> DATA:
━━━━━━━━━━━━━━━━

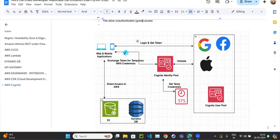There could be cases where a token has been modified, so that token is also going to be validated. Once the token is validated, the Cognito Identity Pool connects with the STS service — another AWS service whose purpose is to provide temporary credentials. It provides temporary credentials, which are then passed back to the user. Once the user has those temporary AWS credentials, they can access S3, DynamoDB, or whatever AWS service is needed.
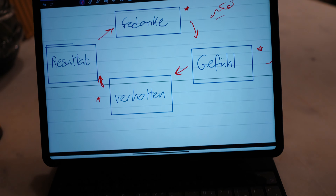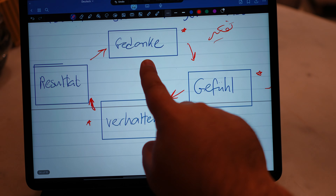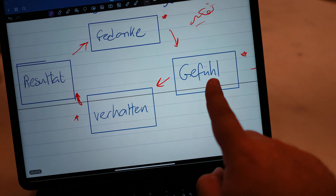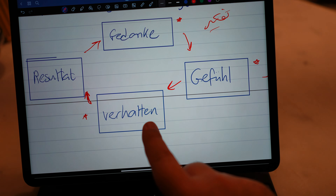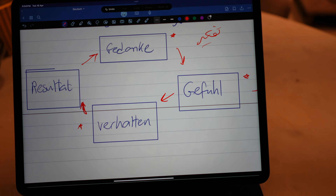Here is the circle of action, where you have 'Gedanke' or thinking, then 'Gefühl' or feeling, then 'Verhalten' which is behavior, and then 'Resultat' or results. This is the circle of action — I took it from another YouTuber, whose link I'll put below. It's in German, so I translated it into English. I hope you enjoy this information and have a nice weekend.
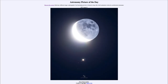Greetings and welcome to the introduction to astronomy. One of the things that I like to do in each of my introductory astronomy classes is to begin the class with the Astronomy Picture of the Day from the NASA website — that is apod.nasa.gov/apod — and today's picture for August 8th of 2023 is titled 'Moon Meets Jupiter.'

━━━━━━━━━━━━━━━━

> YOUR INSTRUCTIONS:
Print exactly what appears from the first line of the listing above down to the line containing "Here is the", inclusive, and leave out all pictures.

> ANSWER TO THIS TASK:
There could be cases where a token has been modified, so that token is also going to be validated. Once the token is validated, the Cognito Identity Pool connects with the STS service — another AWS service whose purpose is to provide temporary credentials. It provides temporary credentials, which are then passed back to the user. Once the user has those temporary AWS credentials, they can access S3, DynamoDB, or whatever AWS service is needed.
Here is the circle of action, where you have 'Gedanke' or thinking, then 'Gefühl' or feeling, then 'Verhalten' which is behavior, and then 'Resultat' or results. This is the circle of action — I took it from another YouTuber, whose link I'll put below. It's in German, so I translated it into English. I hope you enjoy this information and have a nice weekend.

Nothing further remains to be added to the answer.